_HOW TO COMPLETE THIS TASK_
When the line with "Gift box with" turns up below, begin repeating exactly, and carry on through the line with "Alpinestars MM93 Waist"; no pictures go into the copy.

┌────────

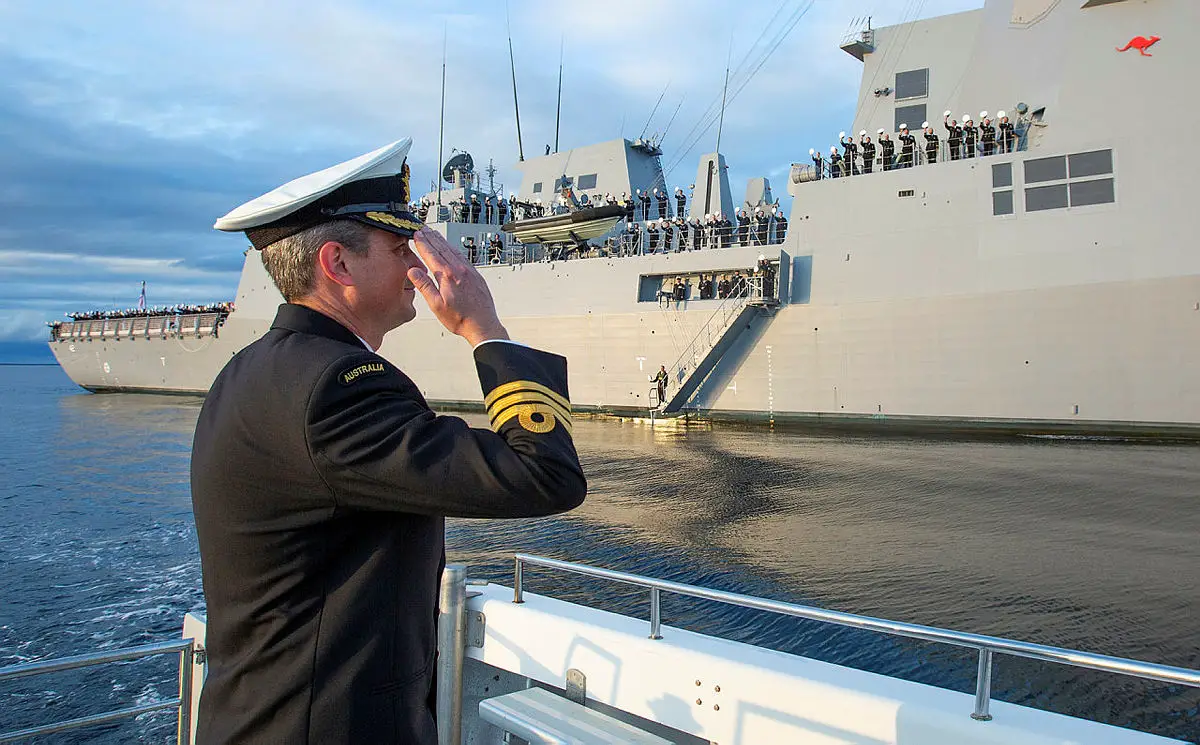 Commanding Officer HMAS Sydney, Commander Edward Seymour, RAN salutes his crew inside Jervis Bay, NSW following the ship's commissioning ceremony at sea. (Photo by Royal Australian Navy/POIS Tom Gibson)
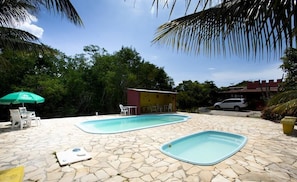 A swimming pool area with two pools, stone flooring, and outdoor seating. - Pousada dos Gravatais (Marataizes)
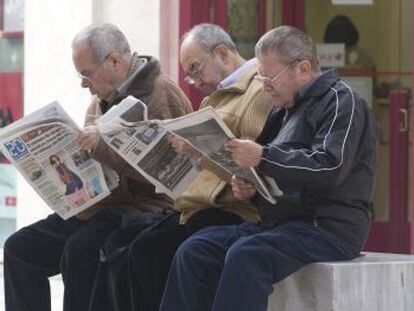 Un grupo de jubilados lee la prensa en una calle de Málaga. jubilados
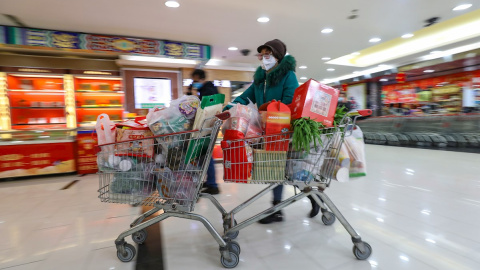 Una mujer con máscara compra en un supermercado en Wuhan. EFE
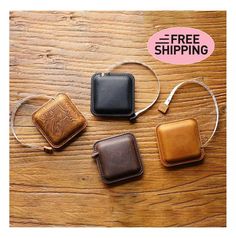 three small leather cases sitting on top of a wooden table with the text free shipping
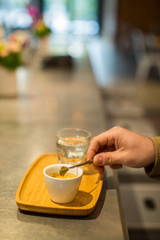 Hand stirring espresso Vertical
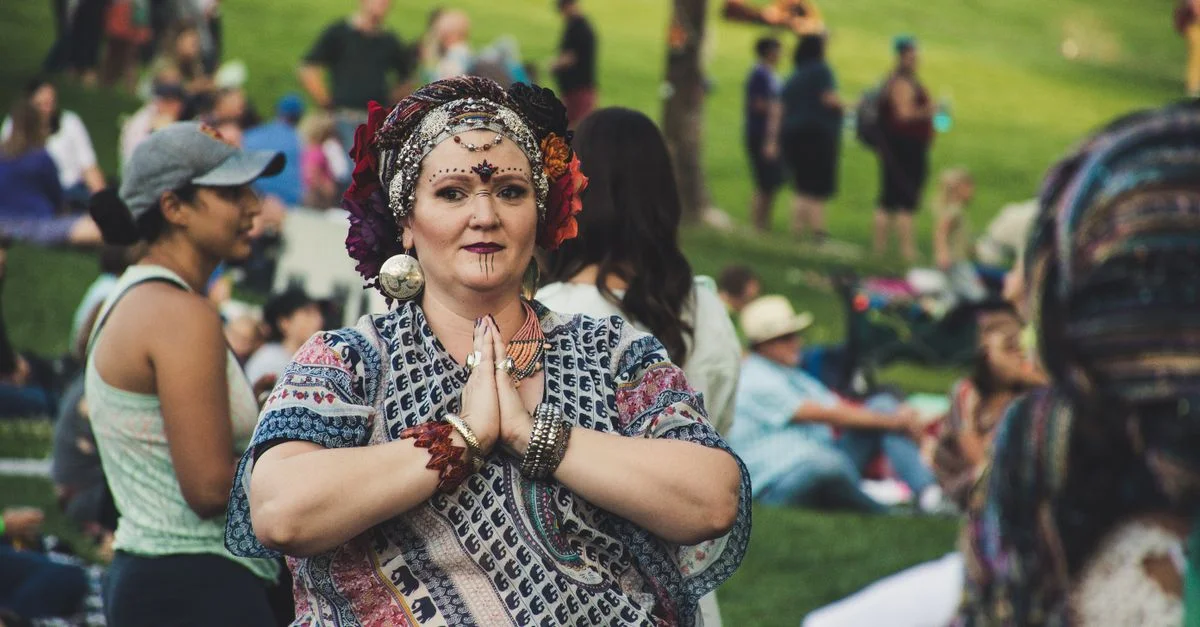 Une femme vêtue d'un habit traditionnel avec du maquillage sur le visage, lors d'un festival animé en plein air dans un parc.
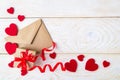 Gift box with red ribbon bow, brown paper envelope and valentine hearts on a white wood textured surface. Greeting card with copy Royalty Free Stock Photo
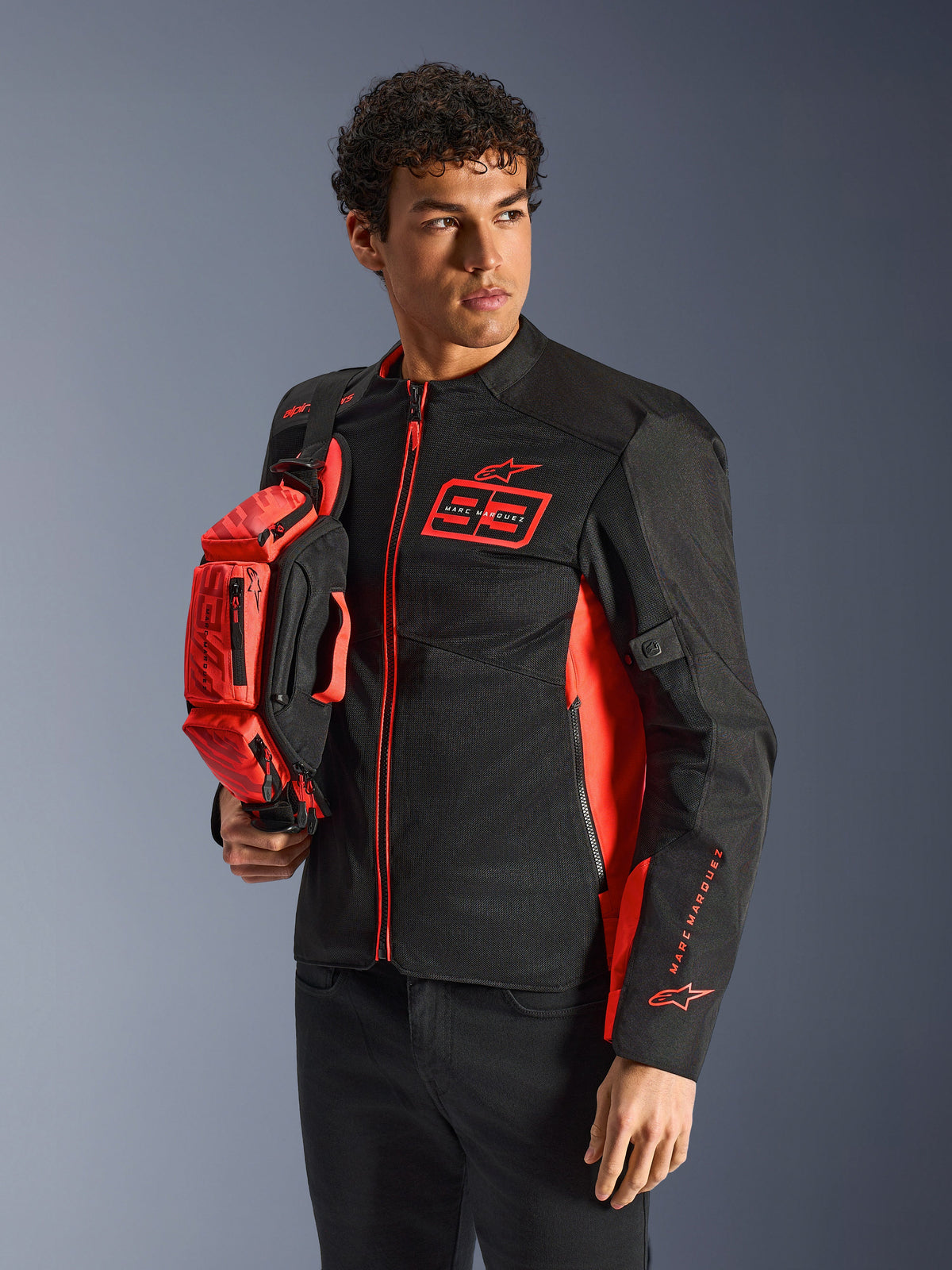 Alpinestars MM93 Waist Bag, torba na pas w kolorze czerwonym fluo i czarnym, trzymana przez modela w pasującej czarno-czerwonej kurtce motocyklowej, wyposażona w wiele przegród na zamek i branding Marca Marqueza, praktyczne wyposażenie do jazdy sportowej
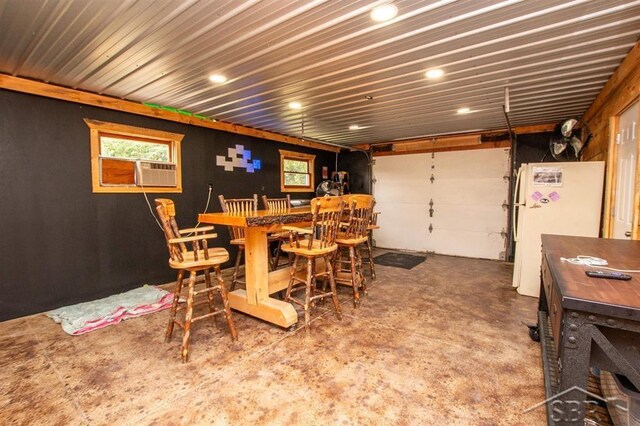 4029 Cobblestone Ct, Beaverton, MI 48612 - dining room with concrete flooring, recessed lighting, and healthy amount of natural light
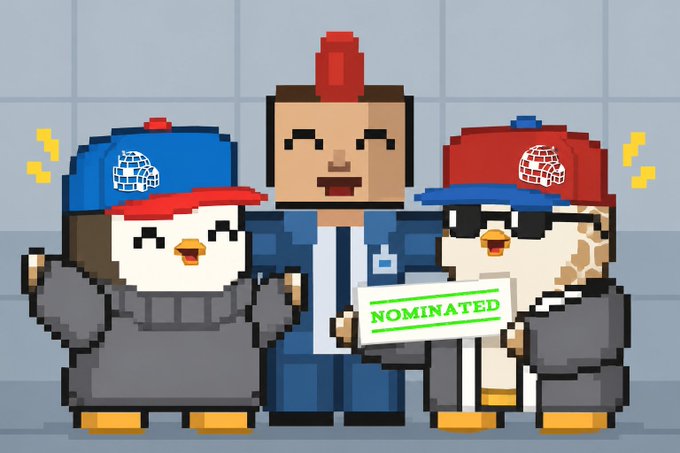 Pixel art illustration showing a person in the center flanked by two penguin-like characters wearing caps, holding a 'NOMINATED' sign, with a small UFO-like character floating above.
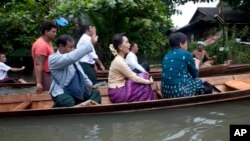  Myanmar opposition leader Aung San Suu Kyi, center, rides a boat on her way to a monastery where flood victims are sheltered, Monday, Aug. 3, 2015, in Bago, 80 kilometers (50 miles) northeast of Yangon, Myanmar. A report issued Saturday by the U.N. Offic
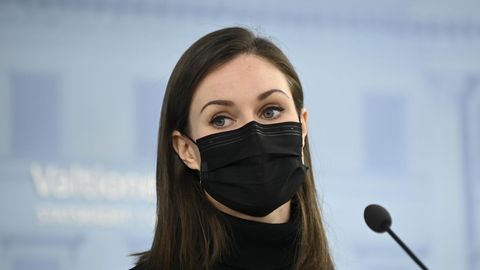 Eine junge weiße Frau mit langem braunem Haar steht mit schwarzer FFP2-Maske und Rollkragen-Pullover vor einem Mikrofon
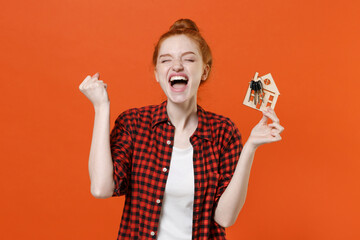 Screaming young readhead girl in casual red checkered shirt posing isolated on orange background studio. People lifestyle concept. Mock up copy space. Hold house bunch of keys doing winner gesture.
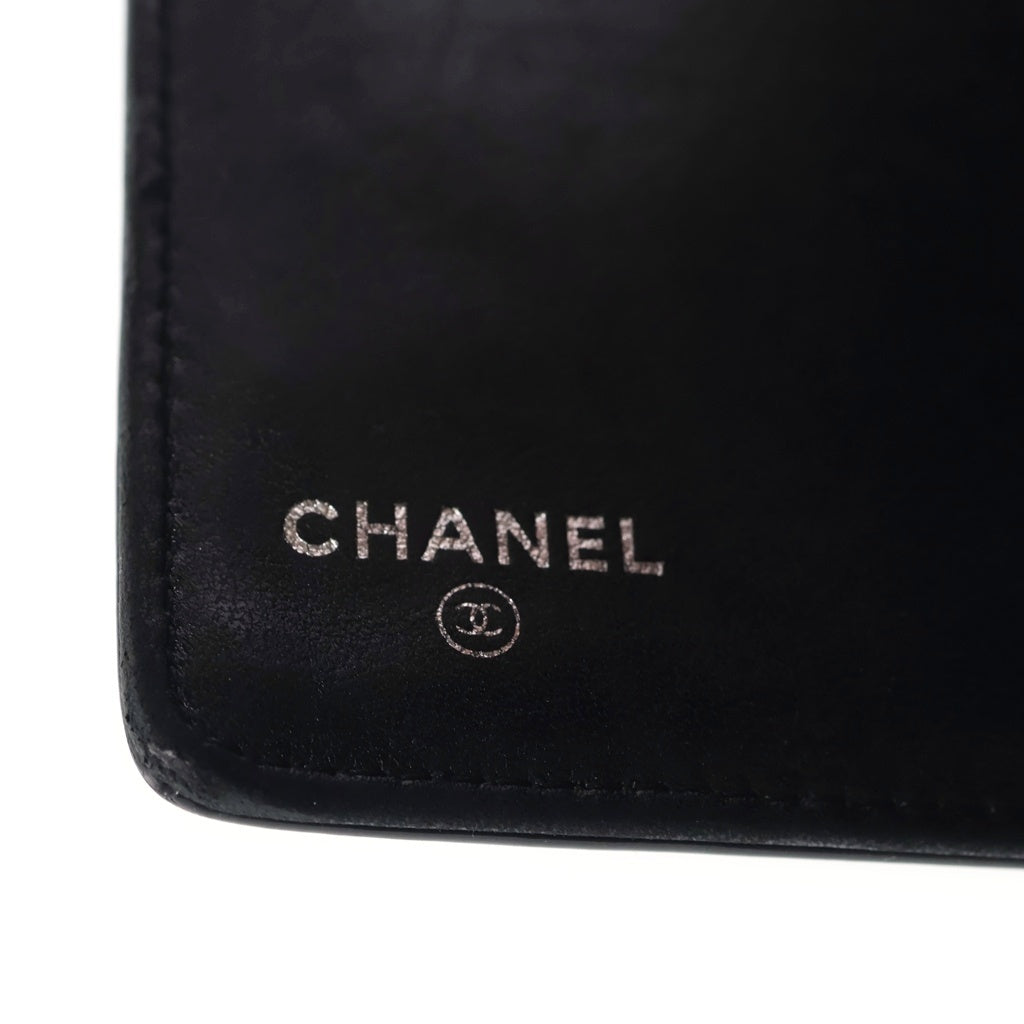 CHANEL(シャネル) 二つ折り長財布 カメリア アイコン ロングウォレット ブラック エナメルレザー シールあり 12番台 レディース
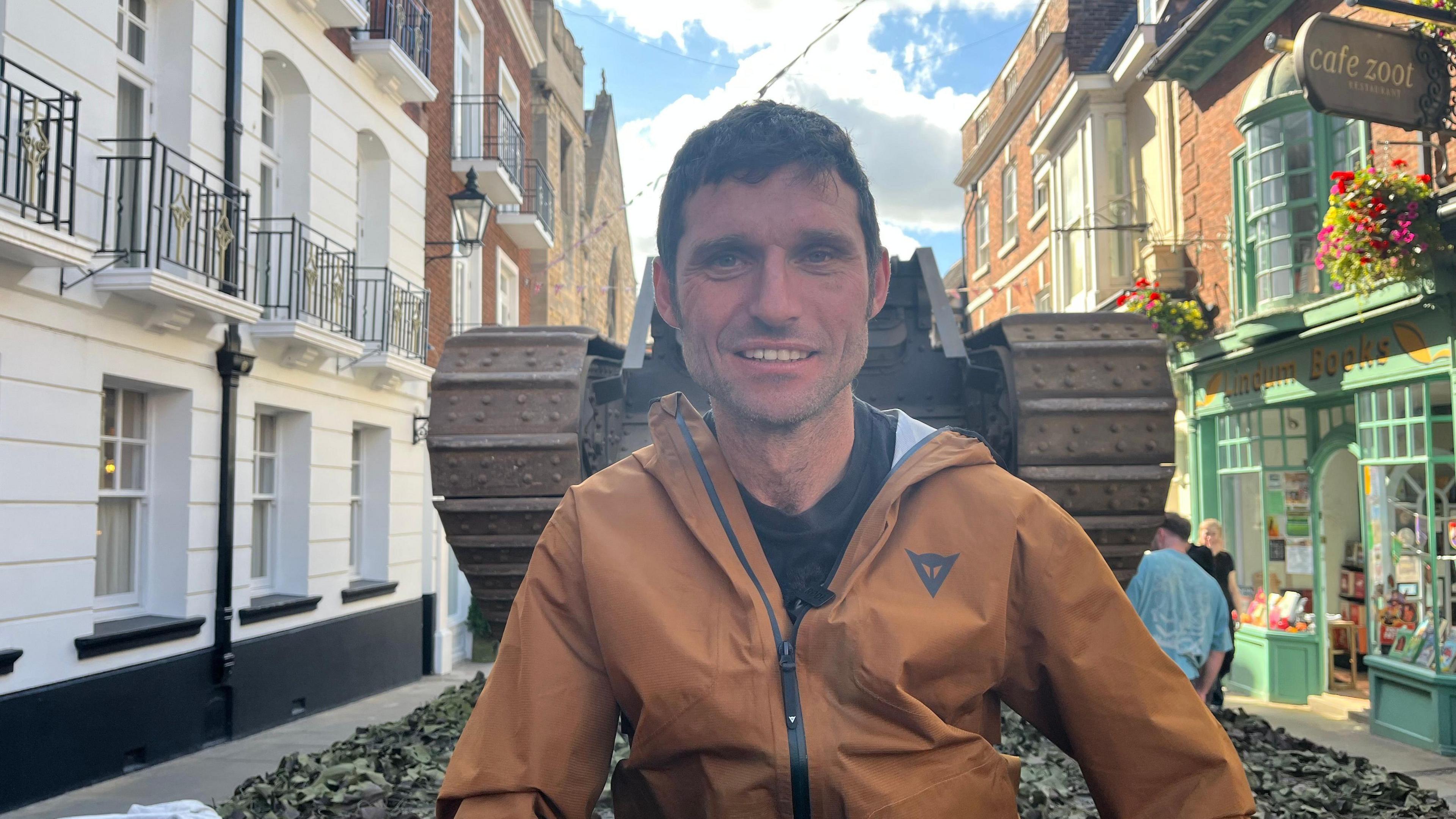 A man with short dark hair wears a black t-shirt and bronze coloured jacket. He is sitting on the back of lorry which is carrying a vintage tank. The vehicle is travelling through a town centre street lined with historic buildings.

└────────

_OUTPUT OF THE EXERCISE_
 Gift box with red ribbon bow, brown paper envelope and valentine hearts on a white wood textured surface. Greeting card with copy Royalty Free Stock Photo
 Alpinestars MM93 Waist Bag, torba na pas w kolorze czerwonym fluo i czarnym, trzymana przez modela w pasującej czarno-czerwonej kurtce motocyklowej, wyposażona w wiele przegród na zamek i branding Marca Marqueza, praktyczne wyposażenie do jazdy sportowej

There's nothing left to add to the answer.